A daring performance from the Rushen Players presenting ‘One Man, Two Guvnors’

Last night we welcomed the Isle of Man’s very own Rushen players to take to the stage to perform One Man, Two Guvnors by Richard Bean. This side-splitting play is based on the 18th century Italian play Servant of Two Masters by Carlo Goldoni. It revives the commedia dell’arte style comedy play, replacing the original Italian setting with Brighton in 1963. This challenging piece has many elements of comic farce including mistaken identity, characters falling over and door slamming.

The play follows the character of Francis Henshall (John Walker) who is hired by both Rachel Crabbe (Catie Angus), disguised as her dead twin brother Roscoe, and Stanley Stubbers (Michael Williams), Rachel’s lover who in fact murdered Roscoe. Francis is determined to keep the two separated as he enjoys receiving two salaries. To add to the mix, Charlie Clench (Brian Matthews) is the gang boss and his daughter Pauline (Ailish Angus) is engaged to marry Roscoe but plans to elope with the old-school amateur actor Alan Dangle (Steve Blower). Ultimately, Francis drives the first act through his need of food and the second half is directed by his lust for the alluring Dolly (Caroline Jones), Charlie’s book keeper, whilst constantly preventing his two employers from meeting.

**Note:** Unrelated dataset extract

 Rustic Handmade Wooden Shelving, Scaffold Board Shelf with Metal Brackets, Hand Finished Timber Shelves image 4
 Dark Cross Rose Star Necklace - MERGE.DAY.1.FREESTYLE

Bean’s comedy needs to be executed with “clockwork precision”, something the adjudicator, Mike Tilbury, believed to be a vital element of such a physically comedic piece. Although it was a valiant effort from the Rushen Players, this precision was not evident throughout their performance and more work needs to be put into their comic timing, pace and physicality. However, Walker’s Francis was played well, this role is a big responsibility and Walker had good physicality and great audience contact, particularly through his character’s asides. On the other hand I felt as though he could really push his obsession with food in the first act, which was echoed in the adjudication, and develop his comic character even further, which improved as the performance progressed. In the restaurant scene there were brilliant sound effects for Alfie (Jack Verity), the elderly waiter, falling down the stairs which provided great comic moments. Verity’s Alfie had a good stage presence, brilliantly funny entrances and exits during this scene and his body language was great but it could be developed even more, the adjudicator felt his walk in particular could be more chaotic throughout the action. This scene also provided us with some seeming audience participation with the ingénue character (Sharon Roberts) however it was not believable, Roberts should be much more natural in her cameo role, a point the adjudicator made strongly. This role needs to make the audience believe she is not part of the production and unfortunately was very farfetched.

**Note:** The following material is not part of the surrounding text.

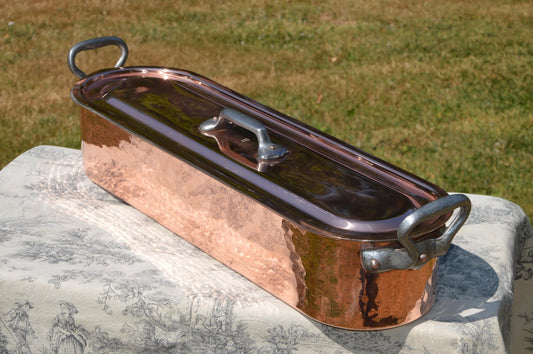 Copper Fish Kettle Vintage French Solid Copper Serie Speciale Atelier Du Cuivre Cast Iron Professional Fish Poacher Insert Fish Steamer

The major comic scenes need to be improved by working on pace, cue pick-ups, entrances and exits. Overall, as the play progressed we saw the actors settle into their characters and I felt most of them improved through the performance. Jones who played Dolly showed good understanding of her character but she needed to slow her lines down and act with more energy, however her lines about the power of women in reference to Margaret Thatcher were strong and clear. Both Williams’ Stanley and Angus’ Rachel as Roscoe had good stage presence and brilliant acting voices however, the adjudicator pointed out that Williams’ accent needs work and Angus was worse when she portrayed just Rachel and advised her to work on that part of her characterisation.

All the costumes were appropriate for each character, in particular Matthews’ suit for the role of Charlie was brilliantly selected and the costume of Jones’ Dolly reflected her personality and the period well. However, the adjudicator suggested that Walker’s costume and mannerisms needed further consideration as they did not completely portray the roguish nature of Francis. There should be slick scene changes in all productions, especially in such a fast paced piece like One Man, Two Guvnors, but Rushen Players’ scene changes were long, laboured and unorganised. This was possibly caused by moving the production from a smaller stage at the Erin Arts Centre where it was performed before Christmas, to the larger Gaiety stage but can be rectified with more rehearsals for the stage crew. Some of the sets lacked detail, however the set design of the Brighton Pier was excellent as there was a creative use of fairy lights, blue gels and sound to set the mood of the water.

As a whole the Rushen Players’ version of Bean’s play was a gallant effort making an enjoyable experience for the audience. Overall, it was a very daring performance as the adjudicator stated that it is the “most difficult and challenging play” to be presented in the 2016 Easter Festival. The cast has great potential to develop their performance further and it was a really entertaining evening.